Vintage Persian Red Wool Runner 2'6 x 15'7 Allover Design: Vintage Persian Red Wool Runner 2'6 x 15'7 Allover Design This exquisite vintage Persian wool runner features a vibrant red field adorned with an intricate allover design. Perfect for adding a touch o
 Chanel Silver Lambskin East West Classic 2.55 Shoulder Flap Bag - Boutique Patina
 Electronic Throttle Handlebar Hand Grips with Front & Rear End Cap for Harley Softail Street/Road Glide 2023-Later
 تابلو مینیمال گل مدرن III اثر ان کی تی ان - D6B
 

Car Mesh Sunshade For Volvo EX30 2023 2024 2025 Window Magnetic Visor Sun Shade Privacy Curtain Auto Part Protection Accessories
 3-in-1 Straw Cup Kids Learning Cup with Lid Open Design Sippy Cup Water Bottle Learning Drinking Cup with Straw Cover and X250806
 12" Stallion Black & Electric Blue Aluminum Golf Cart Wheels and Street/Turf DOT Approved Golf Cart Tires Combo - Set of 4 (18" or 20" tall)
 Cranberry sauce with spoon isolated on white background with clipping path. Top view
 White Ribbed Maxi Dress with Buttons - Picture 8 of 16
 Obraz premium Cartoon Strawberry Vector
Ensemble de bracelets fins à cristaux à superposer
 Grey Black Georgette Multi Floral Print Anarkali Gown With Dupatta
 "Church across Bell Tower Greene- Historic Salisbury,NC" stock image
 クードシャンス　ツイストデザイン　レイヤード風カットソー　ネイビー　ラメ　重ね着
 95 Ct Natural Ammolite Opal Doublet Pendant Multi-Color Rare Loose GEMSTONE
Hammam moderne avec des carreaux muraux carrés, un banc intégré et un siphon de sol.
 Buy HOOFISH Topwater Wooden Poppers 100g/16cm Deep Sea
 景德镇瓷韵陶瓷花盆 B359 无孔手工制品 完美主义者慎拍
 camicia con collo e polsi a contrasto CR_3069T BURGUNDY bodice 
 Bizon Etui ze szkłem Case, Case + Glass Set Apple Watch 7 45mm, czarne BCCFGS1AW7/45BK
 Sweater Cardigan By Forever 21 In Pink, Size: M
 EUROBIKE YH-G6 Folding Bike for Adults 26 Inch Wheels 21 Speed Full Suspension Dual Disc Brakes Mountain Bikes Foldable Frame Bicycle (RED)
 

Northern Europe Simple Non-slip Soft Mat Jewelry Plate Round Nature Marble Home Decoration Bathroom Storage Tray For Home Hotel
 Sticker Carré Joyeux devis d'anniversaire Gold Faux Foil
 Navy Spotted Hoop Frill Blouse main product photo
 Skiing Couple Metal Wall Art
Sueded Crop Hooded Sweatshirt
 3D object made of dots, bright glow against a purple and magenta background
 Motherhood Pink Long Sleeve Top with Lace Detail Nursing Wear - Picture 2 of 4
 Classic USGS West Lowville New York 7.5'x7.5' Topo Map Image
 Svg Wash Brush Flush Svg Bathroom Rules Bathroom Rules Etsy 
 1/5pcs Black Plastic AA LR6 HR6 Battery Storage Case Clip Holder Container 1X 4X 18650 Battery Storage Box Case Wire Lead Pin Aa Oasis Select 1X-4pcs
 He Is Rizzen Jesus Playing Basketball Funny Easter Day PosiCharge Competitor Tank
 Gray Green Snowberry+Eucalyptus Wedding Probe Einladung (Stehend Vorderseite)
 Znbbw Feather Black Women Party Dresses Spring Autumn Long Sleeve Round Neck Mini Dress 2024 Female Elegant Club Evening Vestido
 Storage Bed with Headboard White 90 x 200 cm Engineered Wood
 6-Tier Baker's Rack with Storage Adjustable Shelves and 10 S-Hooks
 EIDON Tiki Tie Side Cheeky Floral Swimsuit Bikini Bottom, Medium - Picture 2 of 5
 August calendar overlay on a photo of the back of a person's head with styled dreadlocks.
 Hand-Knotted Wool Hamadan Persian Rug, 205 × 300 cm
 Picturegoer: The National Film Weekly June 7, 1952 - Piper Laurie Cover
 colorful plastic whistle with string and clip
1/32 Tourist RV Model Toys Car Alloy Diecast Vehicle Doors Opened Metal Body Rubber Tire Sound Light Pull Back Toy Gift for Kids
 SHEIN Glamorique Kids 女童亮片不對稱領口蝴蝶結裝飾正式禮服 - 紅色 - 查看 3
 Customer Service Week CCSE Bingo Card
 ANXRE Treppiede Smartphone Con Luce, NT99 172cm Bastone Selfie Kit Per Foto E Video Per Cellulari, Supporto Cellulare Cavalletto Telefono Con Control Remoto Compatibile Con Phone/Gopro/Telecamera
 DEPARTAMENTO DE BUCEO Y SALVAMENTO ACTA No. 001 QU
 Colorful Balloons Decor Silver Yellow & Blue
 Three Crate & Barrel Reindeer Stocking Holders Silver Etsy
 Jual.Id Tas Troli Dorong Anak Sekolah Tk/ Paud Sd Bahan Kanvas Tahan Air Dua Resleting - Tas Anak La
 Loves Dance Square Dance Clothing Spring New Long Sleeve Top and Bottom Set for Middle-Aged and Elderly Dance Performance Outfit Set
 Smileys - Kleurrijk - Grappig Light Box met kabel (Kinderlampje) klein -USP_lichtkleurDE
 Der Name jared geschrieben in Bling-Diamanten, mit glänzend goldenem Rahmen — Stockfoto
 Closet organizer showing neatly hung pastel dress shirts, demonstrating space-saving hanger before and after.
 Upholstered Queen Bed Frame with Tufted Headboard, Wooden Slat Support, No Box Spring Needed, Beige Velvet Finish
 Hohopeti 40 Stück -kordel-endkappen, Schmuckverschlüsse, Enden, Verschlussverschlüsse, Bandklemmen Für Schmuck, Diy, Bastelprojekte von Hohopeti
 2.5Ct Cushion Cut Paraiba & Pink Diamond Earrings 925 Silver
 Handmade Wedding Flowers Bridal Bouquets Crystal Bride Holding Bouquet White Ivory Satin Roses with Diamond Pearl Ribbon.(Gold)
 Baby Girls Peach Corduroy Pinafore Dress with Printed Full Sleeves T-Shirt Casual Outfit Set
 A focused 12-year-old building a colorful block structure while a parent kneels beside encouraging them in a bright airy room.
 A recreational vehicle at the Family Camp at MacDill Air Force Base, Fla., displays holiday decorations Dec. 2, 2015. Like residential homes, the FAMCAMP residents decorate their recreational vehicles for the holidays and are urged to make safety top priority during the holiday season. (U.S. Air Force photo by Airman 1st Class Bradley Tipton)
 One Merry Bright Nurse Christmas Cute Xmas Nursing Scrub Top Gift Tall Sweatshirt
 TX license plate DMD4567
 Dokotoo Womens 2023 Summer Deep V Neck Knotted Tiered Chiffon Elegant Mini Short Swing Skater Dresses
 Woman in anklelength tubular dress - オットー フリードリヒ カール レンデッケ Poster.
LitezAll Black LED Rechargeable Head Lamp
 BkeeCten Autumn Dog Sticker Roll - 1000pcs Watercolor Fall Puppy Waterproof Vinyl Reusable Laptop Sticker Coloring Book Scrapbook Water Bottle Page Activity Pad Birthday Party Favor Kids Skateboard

● Requirement
Copy verbatim, from the listing above, each line from the one containing "1/5pcs Black Plastic" down to the one containing "6-Tier Baker's Rack", inclusive.

● Answer to the problem
 1/5pcs Black Plastic AA LR6 HR6 Battery Storage Case Clip Holder Container 1X 4X 18650 Battery Storage Box Case Wire Lead Pin Aa Oasis Select 1X-4pcs
 He Is Rizzen Jesus Playing Basketball Funny Easter Day PosiCharge Competitor Tank
 Gray Green Snowberry+Eucalyptus Wedding Probe Einladung (Stehend Vorderseite)
 Znbbw Feather Black Women Party Dresses Spring Autumn Long Sleeve Round Neck Mini Dress 2024 Female Elegant Club Evening Vestido
 Storage Bed with Headboard White 90 x 200 cm Engineered Wood
 6-Tier Baker's Rack with Storage Adjustable Shelves and 10 S-Hooks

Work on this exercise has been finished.